--- Data excerpts ---

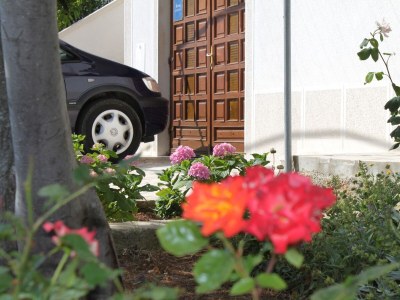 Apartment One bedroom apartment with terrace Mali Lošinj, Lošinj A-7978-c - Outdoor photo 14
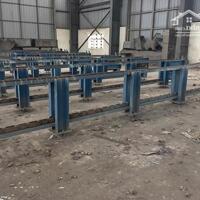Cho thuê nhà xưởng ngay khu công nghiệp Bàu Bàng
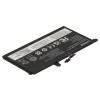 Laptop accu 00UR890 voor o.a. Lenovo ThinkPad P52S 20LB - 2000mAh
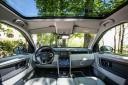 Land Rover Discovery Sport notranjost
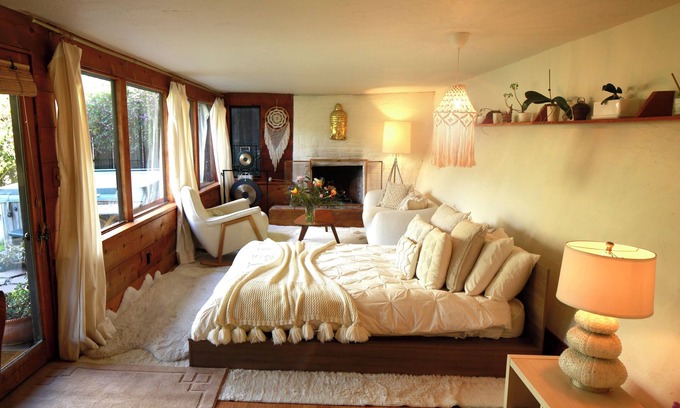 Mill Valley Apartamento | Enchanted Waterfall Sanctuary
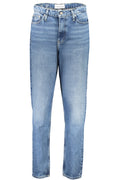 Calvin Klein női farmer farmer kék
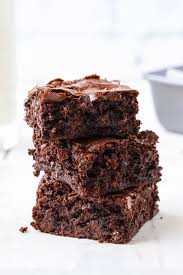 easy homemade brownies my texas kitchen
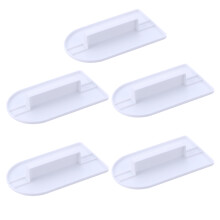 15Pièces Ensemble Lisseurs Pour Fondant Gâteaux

---

Copy every record exactly; no pictures.

▶ _Finished task_:
 Apartment One bedroom apartment with terrace Mali Lošinj, Lošinj A-7978-c - Outdoor photo 14
Cho thuê nhà xưởng ngay khu công nghiệp Bàu Bàng
 Laptop accu 00UR890 voor o.a. Lenovo ThinkPad P52S 20LB - 2000mAh
 Land Rover Discovery Sport notranjost
 Mill Valley Apartamento | Enchanted Waterfall Sanctuary
 Calvin Klein női farmer farmer kék
 easy homemade brownies my texas kitchen
 15Pièces Ensemble Lisseurs Pour Fondant Gâteaux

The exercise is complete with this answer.